Another situation where parallel computations can be applied is when we run several different computations, that is, we don’t divide a problem into subtasks. For instance, we could run calculations of π using different algorithms in parallel.

Python Multiprocessing Using Queue Class

We know that Queue is important part of the data structure. Python multiprocessing is precisely the same as the data structure queue, which based on the “First-In-First-Out” concept. Queue generally stores the Python object and plays an essential role in sharing data between processes. Queues are passed as a parameter in the Process’ target function to allow the process to consume data. The Queue provides the put() function to insert the data and get() function to get data from the queues. Let’s understand the following example.

Example –

# Importing Queue Class  
  
from multiprocessing import Queue  
  
fruits = ['Apple', 'Orange', 'Guava', 'Papaya', 'Banana']  
count = 1  
# creating a queue object  
queue = Queue()  
print('pushing items to the queue:')  
for fr in fruits:  
    print('item no: ', count, ' ', fr)  
    queue.put(fr)  
    count += 1  
  
print('\npopping items from the queue:')  
count = 0  
while not queue.empty():  
    print('item no: ', count, ' ', queue.get())  
    count += 1  

Output:

pushing items to the queue:
('item no: ', 1, ' ', 'Apple')
('item no: ', 2, ' ', 'Orange')
('item no: ', 3, ' ', 'Guava')
('item no: ', 4, ' ', 'Papaya')
('item no: ', 5, ' ', 'Banana')

popping items from the queue:
('item no: ', 0, ' ', 'Apple')
('item no: ', 1, ' ', 'Orange')
('item no: ', 2, ' ', 'Guava')
('item no: ', 3, ' ', 'Papaya')
('item no: ', 4, ' ', 'Banana')

Explanation –

In the above code, we have imported the Queue class and initialized the list named fruits. Next, we assigned a count to 1. The count variable will count the total number of elements. Then, we created the queue object by calling the Queue() method. This object will used to perform operations in the Queue. In for loop, we inserted the elements one by one in the queue using the put() function and increased the count by 1 with each iteration of loop.

Python Multiprocessing Lock Class

The multiprocessing Lock class is used to acquire a lock on the process so that we can hold the other process to execute a similar code until the lock has been released.

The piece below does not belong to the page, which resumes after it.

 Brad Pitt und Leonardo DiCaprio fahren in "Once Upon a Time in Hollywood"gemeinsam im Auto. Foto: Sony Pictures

The Lock class performs mainly two tasks. The first is to acquire a lock using the acquire() function and the second is to release the lock using the release() function.

Python Multiprocessing Example

Suppose we have multiple tasks. So, we create two queues: the first queue will maintain the tasks, and the other will store the complete task log. The next step is to instantiate the processes to complete the task. As discussed previously, the Queue class is already synchronized, so we don’t need to acquire a lock using the Lock class.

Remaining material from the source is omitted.